For the regular expression d*od*, five substrings are found in doobedoddoo: do at offset 0, o at offset 2, dodd at offset 5, o at offset 9 and o at offset 10.

DATA result_tab TYPE match_result_tab.
FIND ALL OCCURRENCES OF regex 'd*od*' IN 'doobedoddoo'
                      RESULTS result_tab.

Operators for search strings

The following operators support searching in character strings. These operators are made up of the special characters ^, $, \, <, >, (, ), =and !. The special characters can be made into literal characters using the prefix \.

Start and end of a character string

The operators ^ and $ act as anchor characters for the offset before the first character of a line and the offset after the last character of a line. If the character string to be searched contains control characters such as a line feed, it is interpreted as consisting of several lines.

The operators \A and \Z have the same effect as ^ and $, but always refer to the whole character string instead of to single lines.

Note

The operators ^, $ and \A, \Z behave differently if control characters are present. Within ABAP programs, these control characters normally occur only for importing externally generated data records.

Example

The following search finds Smile at the start of the first line and at the end of the last line of the internal table text_tab.

DATA text(10) TYPE c.
DATA text_tab LIKE TABLE OF text.

DATA result_tab TYPE match_result_tab.

APPEND 'Smile' TO text_tab.
APPEND ' Smile' TO text_tab.
APPEND '  Smile' TO text_tab.
APPEND '   Smile' TO text_tab.
APPEND '    Smile' TO text_tab.
APPEND '     Smile' TO text_tab.

FIND ALL OCCURRENCES OF regex '^(?:Smile)|(?:Smile)$'
     IN TABLE text_tab RESULTS result_tab.

Start and end of a word

The operator \< fits at the start of a word and the operator \> fits at the end of a word. The operator <\b fits at both the beginning and the end of a word.
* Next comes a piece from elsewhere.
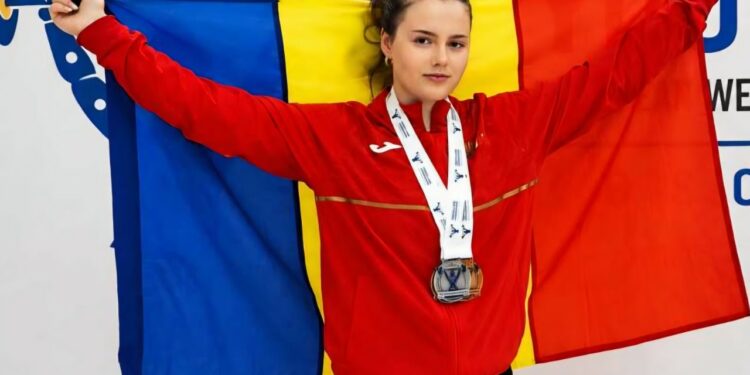 Flavia Cezara Hreapcă a avut o zi plină la Europenele U15/U17 de la Klokot și a plecat acasă cu trei medalii la categoria 77 kg U17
A word is defined as an uninterrupted sequence of alphanumeric characters.

Example

The following search finds the three words One, two and 3. Instead of the expression \<[[:alnum:]]+\>, \b[[:alnum:]]+\b can also be used.

DATA text TYPE string.
DATA result_tab TYPE match_result_tab.

text = `One, two, 3!`.

FIND ALL OCCURRENCES OF regex '\<[[:alnum:]]+\>'
     IN text RESULTS result_tab.

Preview conditions

The operator (?=...) defines a regular expression s as a subsequent condition for a previous regular expression r. The regular expression r(?=s) has the same effect in a search as the regular expression r, if the regular expression s matches the substring that immediately follows the substring found with r.

The operator (?!...) acts in the same way as (?=... ), with the difference that r(?!s) matches the substring for r if s does not match the subsequent substring.

Note

The substring found by the preview s is not a part of the match found by r(?=s).

Example

The following search finds the substring la at offset 7.

DATA text TYPE string.
DATA result_tab TYPE match_result_tab.

text = `Shalalala!`.

FIND ALL OCCURRENCES OF REGEX '(?:la)(?=!)'
     IN text RESULTS result_tab.